### RECORD EXTRACTS ###

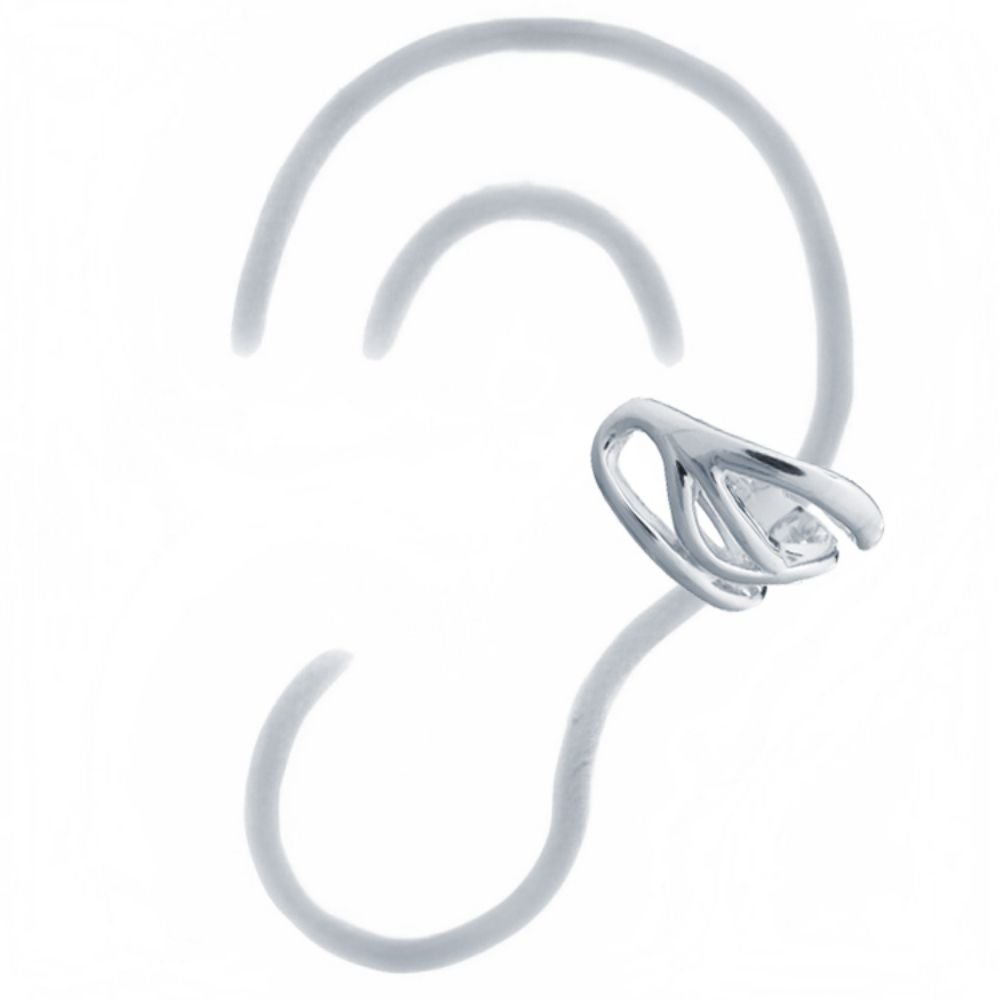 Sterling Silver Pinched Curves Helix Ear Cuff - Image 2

###
### RECORD EXTRACTS ###

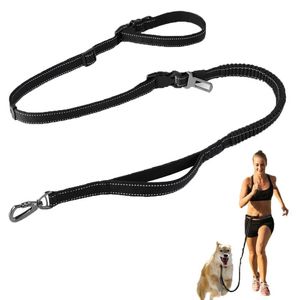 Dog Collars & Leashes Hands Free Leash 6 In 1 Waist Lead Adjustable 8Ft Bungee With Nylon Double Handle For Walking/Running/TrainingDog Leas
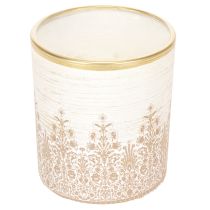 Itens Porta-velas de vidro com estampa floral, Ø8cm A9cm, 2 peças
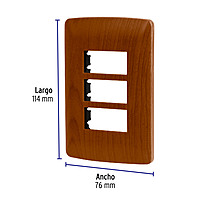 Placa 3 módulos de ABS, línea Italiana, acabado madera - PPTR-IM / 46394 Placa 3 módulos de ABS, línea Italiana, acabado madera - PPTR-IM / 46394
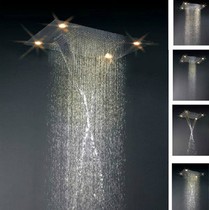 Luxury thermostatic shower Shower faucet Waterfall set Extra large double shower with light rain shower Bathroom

###

ABOUT THIS EXERCISE
The material above holds pictures; leave them out. Repeat exactly the lines from the one containing "Dog Collars &" through the one containing "46394 Placa 3", and nothing else.

OUTPUT FOR THIS EXERCISE
 Dog Collars & Leashes Hands Free Leash 6 In 1 Waist Lead Adjustable 8Ft Bungee With Nylon Double Handle For Walking/Running/TrainingDog Leas
 Itens Porta-velas de vidro com estampa floral, Ø8cm A9cm, 2 peças
 Placa 3 módulos de ABS, línea Italiana, acabado madera - PPTR-IM / 46394 Placa 3 módulos de ABS, línea Italiana, acabado madera - PPTR-IM / 46394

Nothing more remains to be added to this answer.